On l'a souvent dit radin. Et c'est vrai qu'il se vantait de recevoir les ministres à la petite pension, pas chère, où il atterrissait à Québec. Il narguait alors ses journalistes qui couchaient au Hilton, eux, pour mieux suivre la vie nocturne des congrès! Plusieurs ont été récompensés par Ryan pour une primeur ou une enquête par une invitation à dîner chez Murray's, à côté du Devoir, avec le spécial du jour à 4,99 $! L'histoire de la bière qu'il avait commandée au Parlementaire en offrant de la partager avec son journaliste invité est restée célèbre dans la boîte.

«Mais ce que cachait cette austérité, qui n'était pas étrangère à l'image de personnage engagé qu'il aimait projeter, c'est l'importance qu'il accordait à une gestion serrée du journal, qui ne laisse rien, mais absolument rien au hasard», raconte Michel Nadeau, qui est devenu vice-président à la Caisse de dépôt du Québec après son passage au Devoir.

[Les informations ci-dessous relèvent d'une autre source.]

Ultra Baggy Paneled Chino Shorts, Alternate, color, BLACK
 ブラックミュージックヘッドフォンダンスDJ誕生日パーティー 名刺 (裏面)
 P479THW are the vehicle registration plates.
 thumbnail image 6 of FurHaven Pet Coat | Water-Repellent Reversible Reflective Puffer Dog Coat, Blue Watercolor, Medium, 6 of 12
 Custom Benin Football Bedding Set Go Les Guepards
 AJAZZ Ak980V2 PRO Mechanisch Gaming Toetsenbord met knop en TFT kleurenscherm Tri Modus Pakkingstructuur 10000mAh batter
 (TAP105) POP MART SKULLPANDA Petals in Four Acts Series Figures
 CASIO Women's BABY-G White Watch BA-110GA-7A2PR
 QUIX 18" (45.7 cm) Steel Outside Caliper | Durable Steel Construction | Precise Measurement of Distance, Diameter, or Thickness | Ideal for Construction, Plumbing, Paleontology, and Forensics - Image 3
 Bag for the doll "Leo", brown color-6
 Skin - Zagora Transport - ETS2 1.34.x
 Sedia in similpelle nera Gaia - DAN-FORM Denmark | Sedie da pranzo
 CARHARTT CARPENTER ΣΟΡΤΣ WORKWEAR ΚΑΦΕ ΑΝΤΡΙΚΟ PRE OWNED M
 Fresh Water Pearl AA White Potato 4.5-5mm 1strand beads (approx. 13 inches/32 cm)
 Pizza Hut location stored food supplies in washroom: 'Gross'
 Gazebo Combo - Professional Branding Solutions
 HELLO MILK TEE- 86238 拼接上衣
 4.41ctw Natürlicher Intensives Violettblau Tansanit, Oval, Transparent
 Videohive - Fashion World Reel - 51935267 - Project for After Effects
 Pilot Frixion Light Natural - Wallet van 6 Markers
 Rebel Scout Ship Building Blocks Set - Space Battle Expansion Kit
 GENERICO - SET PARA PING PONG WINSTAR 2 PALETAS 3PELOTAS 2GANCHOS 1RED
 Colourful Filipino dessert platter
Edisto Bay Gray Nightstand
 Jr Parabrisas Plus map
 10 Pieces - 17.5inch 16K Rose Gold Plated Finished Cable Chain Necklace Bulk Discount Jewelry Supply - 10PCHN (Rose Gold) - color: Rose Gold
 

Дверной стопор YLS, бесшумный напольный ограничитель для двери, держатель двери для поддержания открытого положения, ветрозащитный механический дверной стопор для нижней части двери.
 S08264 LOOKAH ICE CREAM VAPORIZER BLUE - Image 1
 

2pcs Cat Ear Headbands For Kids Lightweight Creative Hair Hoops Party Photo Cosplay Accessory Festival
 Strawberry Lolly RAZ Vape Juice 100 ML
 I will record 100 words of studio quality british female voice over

«C'est ce qui m'a marqué le plus, car cette forme de rigueur allait de pair avec celle qu'il exigeait sur le plan journalistique, poursuit Nadeau. Sans ce contrôle des dépenses, la fragilité économique du Devoir serait devenue un handicap insurmontable. Mais sa prudence l'a malheureusement empêché de prendre les risques qu'aurait exigés le développement du journal. Il contrôlait serré, mais n'osait pas investir. Je pense que cette crainte n'était pas sans rapport avec un côté émotif, craintif et même "insécure".»

C'était aussi quelqu'un qui avait l'amitié fidèle et qui était capable de dire à un journaliste, quinze ans plus tard, qu'il avait fait une erreur importante dans un dossier ou une situation particulière. Plusieurs d'entre nous l'ont retrouvé, même de vieux adversaires sur le plan politique, l'un à son chevet, l'autre au bout du fil dans un moment délicat. Ou devant un café dans le bureau de l'ancien ministre des Affaires municipales, pour partager tout simplement une passion inépuisable... l'avenir du Devoir!